Welcome to the first ever CU Boulder College of Engineering and Applied Science college-wide Engineering Projects Expo, where hundreds of seniors and graduate students shared their inventions, software and solutions to real-world problems.
“It was a really exciting day, coming together with everyone to celebrate awesomeness,” said mechanical engineering senior Gage Froelich.
Projects at the April 27 event ranged from consumer-oriented devices like new mobile apps and high-tech retractable running boards for pickup trucks, to aerospace industry projects creating sensors for future space missions, to Denver Water-sponsored teams designing proposals for a planned expansion of Gross Reservoir and Dam in the mountains west of the Mile High City.
“Today was a lot of fun. I got to demo my augmented reality project to a lot of people using Microsoft’s HoloLens AR system, which most people outside Boulder probably won’t see for 10 years,” said computer science senior Tarah Peltz.
The expo is the culmination of senior design, a required capstone course where students spend months designing, redesigning, building and testing a new product or device.
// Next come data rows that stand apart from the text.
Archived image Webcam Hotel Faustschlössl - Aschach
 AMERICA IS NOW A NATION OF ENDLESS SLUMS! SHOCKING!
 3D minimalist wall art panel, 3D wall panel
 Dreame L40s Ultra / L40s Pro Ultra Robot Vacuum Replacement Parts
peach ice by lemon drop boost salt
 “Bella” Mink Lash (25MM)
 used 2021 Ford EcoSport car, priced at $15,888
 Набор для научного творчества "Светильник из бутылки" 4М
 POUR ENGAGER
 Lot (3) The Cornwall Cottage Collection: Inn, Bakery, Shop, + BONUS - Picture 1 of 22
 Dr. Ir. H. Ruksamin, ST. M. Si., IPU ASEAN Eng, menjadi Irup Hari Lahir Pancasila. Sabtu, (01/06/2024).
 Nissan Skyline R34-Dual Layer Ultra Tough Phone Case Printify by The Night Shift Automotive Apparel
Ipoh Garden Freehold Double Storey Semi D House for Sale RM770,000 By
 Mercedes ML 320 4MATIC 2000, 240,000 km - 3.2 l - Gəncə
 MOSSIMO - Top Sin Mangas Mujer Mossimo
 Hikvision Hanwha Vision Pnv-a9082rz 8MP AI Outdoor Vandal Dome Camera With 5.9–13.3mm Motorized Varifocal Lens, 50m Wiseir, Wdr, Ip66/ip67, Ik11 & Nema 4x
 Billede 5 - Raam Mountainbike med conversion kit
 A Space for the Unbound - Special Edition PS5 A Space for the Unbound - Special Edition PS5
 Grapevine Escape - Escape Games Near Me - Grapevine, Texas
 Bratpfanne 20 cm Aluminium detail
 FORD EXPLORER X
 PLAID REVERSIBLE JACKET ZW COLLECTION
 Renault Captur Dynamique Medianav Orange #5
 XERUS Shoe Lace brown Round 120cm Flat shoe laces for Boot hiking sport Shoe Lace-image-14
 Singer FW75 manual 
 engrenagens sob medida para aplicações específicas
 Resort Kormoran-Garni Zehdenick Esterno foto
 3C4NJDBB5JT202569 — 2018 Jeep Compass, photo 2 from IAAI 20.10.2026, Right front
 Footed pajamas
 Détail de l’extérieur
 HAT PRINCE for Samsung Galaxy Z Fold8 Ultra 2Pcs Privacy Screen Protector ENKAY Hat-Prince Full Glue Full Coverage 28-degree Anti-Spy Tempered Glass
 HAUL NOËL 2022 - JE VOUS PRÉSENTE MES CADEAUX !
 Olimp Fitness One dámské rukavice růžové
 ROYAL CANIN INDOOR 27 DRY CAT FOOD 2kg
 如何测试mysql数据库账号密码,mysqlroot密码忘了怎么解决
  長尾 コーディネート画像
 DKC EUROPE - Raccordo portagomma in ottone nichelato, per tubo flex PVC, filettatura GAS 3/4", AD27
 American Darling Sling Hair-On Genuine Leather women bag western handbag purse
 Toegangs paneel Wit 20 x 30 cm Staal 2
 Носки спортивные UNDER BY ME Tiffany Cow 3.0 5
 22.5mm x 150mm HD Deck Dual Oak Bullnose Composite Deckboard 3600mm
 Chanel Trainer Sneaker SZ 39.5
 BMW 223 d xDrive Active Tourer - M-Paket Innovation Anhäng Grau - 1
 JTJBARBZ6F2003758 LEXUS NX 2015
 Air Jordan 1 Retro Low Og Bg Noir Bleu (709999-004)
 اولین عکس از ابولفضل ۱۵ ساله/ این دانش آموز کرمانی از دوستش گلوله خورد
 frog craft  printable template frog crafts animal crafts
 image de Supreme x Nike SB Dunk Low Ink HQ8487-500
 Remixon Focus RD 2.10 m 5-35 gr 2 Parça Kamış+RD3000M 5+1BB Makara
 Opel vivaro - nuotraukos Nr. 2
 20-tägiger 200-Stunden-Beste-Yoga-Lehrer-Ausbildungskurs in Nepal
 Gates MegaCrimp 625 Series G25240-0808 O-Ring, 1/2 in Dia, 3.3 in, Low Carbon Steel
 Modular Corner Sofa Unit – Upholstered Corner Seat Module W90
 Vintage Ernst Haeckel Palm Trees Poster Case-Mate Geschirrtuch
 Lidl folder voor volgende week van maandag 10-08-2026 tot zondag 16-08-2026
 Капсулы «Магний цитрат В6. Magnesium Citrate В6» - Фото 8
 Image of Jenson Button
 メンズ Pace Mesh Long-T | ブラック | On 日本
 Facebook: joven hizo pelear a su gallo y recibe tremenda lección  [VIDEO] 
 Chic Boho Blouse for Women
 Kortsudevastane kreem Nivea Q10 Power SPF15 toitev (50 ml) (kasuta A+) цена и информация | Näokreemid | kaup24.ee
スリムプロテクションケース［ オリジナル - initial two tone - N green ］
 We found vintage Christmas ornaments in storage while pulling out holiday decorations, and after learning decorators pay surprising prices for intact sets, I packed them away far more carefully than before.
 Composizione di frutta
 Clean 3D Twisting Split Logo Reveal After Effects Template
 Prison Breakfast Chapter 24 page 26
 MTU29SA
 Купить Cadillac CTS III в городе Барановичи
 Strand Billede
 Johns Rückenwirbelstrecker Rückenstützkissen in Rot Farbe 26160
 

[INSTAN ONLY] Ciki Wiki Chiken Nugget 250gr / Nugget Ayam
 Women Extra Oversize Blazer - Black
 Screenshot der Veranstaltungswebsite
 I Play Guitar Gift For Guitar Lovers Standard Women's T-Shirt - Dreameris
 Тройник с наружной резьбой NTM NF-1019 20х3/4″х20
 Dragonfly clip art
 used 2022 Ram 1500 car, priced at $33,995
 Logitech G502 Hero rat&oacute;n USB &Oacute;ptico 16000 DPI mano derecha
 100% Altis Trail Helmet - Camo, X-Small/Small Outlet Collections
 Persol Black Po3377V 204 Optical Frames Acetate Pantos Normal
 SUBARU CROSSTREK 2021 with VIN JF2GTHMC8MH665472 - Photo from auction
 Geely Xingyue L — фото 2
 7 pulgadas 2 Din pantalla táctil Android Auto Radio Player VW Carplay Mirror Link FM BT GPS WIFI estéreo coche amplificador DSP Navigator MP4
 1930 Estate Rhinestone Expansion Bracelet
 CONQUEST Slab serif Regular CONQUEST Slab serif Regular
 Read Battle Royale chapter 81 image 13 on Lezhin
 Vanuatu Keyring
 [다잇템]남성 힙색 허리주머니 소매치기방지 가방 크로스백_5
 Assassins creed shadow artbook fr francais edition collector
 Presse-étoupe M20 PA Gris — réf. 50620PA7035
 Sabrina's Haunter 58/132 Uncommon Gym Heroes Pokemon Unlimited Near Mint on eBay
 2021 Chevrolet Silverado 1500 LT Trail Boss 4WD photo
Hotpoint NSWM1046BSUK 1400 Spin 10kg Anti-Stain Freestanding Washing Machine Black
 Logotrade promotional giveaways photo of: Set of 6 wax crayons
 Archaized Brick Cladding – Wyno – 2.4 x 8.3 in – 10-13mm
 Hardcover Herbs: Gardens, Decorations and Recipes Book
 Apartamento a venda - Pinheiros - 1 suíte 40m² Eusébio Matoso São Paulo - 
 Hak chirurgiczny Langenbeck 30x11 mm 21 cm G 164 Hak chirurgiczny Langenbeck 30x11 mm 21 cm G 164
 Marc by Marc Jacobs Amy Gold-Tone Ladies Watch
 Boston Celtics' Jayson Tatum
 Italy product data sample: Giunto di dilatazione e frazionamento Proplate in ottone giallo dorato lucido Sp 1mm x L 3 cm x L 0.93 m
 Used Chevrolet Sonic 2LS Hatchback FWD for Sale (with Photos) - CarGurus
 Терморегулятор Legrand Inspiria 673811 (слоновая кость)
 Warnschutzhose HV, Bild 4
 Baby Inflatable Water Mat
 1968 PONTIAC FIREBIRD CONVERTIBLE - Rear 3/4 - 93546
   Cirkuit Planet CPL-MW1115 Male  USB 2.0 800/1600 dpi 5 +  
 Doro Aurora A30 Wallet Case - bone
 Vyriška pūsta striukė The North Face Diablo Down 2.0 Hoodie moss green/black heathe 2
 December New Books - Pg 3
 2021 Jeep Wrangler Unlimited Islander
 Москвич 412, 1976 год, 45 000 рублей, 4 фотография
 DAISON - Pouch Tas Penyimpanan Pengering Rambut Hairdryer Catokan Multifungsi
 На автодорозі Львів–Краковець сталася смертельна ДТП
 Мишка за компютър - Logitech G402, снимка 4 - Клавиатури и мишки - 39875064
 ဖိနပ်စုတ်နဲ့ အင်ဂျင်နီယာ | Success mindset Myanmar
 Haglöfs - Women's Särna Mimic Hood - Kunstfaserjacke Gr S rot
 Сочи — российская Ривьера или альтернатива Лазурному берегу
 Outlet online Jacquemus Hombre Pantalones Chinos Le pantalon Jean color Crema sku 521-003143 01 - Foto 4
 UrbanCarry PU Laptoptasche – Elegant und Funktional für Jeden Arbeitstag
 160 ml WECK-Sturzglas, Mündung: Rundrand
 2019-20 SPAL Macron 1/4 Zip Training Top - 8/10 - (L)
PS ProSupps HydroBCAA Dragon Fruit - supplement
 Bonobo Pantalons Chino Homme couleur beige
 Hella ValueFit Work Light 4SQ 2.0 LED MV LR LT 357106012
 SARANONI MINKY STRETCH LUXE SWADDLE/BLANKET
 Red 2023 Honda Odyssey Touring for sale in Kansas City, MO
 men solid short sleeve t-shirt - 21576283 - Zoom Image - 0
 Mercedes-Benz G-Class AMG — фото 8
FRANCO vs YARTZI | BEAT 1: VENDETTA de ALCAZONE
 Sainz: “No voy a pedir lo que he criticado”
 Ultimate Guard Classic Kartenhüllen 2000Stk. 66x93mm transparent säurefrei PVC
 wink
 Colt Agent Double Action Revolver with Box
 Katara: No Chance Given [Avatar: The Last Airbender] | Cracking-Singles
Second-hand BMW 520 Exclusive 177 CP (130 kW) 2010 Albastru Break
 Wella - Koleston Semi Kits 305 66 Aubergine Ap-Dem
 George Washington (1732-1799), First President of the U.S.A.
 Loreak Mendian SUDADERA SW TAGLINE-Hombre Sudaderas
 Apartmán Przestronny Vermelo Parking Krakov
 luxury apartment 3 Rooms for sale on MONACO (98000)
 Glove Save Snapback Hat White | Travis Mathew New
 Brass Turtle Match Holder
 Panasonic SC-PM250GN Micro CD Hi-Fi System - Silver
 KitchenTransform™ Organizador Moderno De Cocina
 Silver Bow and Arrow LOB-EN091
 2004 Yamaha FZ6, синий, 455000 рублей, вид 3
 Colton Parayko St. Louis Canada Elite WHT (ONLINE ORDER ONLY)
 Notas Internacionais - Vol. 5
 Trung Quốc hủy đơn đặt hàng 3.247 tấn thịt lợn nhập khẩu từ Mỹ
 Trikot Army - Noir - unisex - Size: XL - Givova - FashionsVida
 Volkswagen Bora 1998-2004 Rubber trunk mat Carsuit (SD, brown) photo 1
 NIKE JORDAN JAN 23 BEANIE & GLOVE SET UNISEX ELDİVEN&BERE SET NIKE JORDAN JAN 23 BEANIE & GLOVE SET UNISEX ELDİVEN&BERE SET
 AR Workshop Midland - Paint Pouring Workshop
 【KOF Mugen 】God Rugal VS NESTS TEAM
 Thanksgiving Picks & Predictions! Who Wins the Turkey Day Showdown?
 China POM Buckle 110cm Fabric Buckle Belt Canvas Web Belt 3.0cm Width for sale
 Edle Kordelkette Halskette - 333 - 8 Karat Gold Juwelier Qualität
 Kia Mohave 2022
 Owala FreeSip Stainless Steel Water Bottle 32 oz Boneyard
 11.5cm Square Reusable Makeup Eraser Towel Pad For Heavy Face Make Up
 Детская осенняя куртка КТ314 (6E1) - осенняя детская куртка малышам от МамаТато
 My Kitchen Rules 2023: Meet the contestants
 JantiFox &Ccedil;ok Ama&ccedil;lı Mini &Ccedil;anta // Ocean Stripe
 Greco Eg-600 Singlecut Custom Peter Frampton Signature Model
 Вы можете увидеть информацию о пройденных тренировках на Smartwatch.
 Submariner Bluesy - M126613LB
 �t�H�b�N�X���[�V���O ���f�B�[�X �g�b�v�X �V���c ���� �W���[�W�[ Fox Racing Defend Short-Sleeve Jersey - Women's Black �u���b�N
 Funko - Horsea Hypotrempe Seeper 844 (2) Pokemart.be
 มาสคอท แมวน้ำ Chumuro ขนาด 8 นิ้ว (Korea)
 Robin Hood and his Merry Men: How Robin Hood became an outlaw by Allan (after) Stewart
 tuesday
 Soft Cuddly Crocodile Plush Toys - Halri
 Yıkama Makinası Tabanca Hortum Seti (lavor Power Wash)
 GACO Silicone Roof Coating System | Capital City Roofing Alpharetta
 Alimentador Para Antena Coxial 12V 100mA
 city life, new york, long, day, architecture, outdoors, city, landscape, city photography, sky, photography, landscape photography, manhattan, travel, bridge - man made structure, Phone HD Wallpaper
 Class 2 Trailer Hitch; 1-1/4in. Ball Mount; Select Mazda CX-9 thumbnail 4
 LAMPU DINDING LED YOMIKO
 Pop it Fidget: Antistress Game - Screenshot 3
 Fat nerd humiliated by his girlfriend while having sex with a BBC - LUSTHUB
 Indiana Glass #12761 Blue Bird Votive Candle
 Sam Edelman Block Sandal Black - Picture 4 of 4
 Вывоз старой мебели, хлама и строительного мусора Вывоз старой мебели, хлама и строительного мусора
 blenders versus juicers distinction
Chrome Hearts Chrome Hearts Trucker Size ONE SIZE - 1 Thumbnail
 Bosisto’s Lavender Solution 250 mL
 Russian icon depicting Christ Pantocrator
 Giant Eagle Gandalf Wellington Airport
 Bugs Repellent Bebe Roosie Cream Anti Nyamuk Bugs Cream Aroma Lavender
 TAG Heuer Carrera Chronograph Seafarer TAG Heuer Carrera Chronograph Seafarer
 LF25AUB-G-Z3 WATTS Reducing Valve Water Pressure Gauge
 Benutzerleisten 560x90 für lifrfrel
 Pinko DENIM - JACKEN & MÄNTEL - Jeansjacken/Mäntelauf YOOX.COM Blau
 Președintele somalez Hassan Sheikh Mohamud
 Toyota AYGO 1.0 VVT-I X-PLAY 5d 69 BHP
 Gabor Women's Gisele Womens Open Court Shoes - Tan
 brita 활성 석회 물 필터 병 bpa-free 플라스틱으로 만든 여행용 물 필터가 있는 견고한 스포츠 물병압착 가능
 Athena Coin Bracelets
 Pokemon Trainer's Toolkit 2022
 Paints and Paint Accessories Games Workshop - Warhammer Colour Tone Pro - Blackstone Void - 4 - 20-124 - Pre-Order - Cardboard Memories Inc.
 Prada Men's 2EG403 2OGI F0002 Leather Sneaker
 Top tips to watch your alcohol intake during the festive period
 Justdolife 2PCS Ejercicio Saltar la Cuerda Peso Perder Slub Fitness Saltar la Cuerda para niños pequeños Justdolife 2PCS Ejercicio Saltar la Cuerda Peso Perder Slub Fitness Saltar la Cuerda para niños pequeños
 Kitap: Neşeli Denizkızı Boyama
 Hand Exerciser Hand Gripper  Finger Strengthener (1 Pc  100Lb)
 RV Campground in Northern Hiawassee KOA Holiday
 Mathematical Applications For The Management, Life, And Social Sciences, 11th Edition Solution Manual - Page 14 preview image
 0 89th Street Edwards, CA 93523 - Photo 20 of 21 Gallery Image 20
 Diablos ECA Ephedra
Each of the engineering majors structure the course a little bit differently. Some are team projects and others are solo. Many have sponsoring businesses or labs, but not all. The course itself can be one semester or two. What ties them all together is how they compel students to apply with they have been learning over their college careers and push themselves to grow further as young professionals.
In previous years, each major held their own, independent expo. 2018 is the first time students from across the college have come together for a joint event.
Held on the concourse of Coors Event Center, projects stretched around the entire arena. Students discussed their work with hundreds of peers, parents, businesses representatives and members of the general public.
The entire event is a chance for people to experience how students like Technology, Arts and Media (TAM) senior Cassandra Goodby have channeled their passion, enthusiasm and hundreds of hours of work into creating something new.
“I’m really into data visualization. I made an interactive website showcasing data visualization of the taxonomy of beers. People passing by stop because it’s about beer, and then I can talk with them about everything else,” Goodby said.
While the spring semester is nearly over, some will continue to have a life after graduation. Mechanical engineering senior Jordon Thoning’s team project, sponsored by Sandia National Laboratories and called the Space Deliver Safety Device, is heading up -- way up.
“Sandia also sponsored identical projects at eight or nine other universities,” Thoning said. “They’re going to send them all up on a sounding rocket and see which one works the best to continue developing.”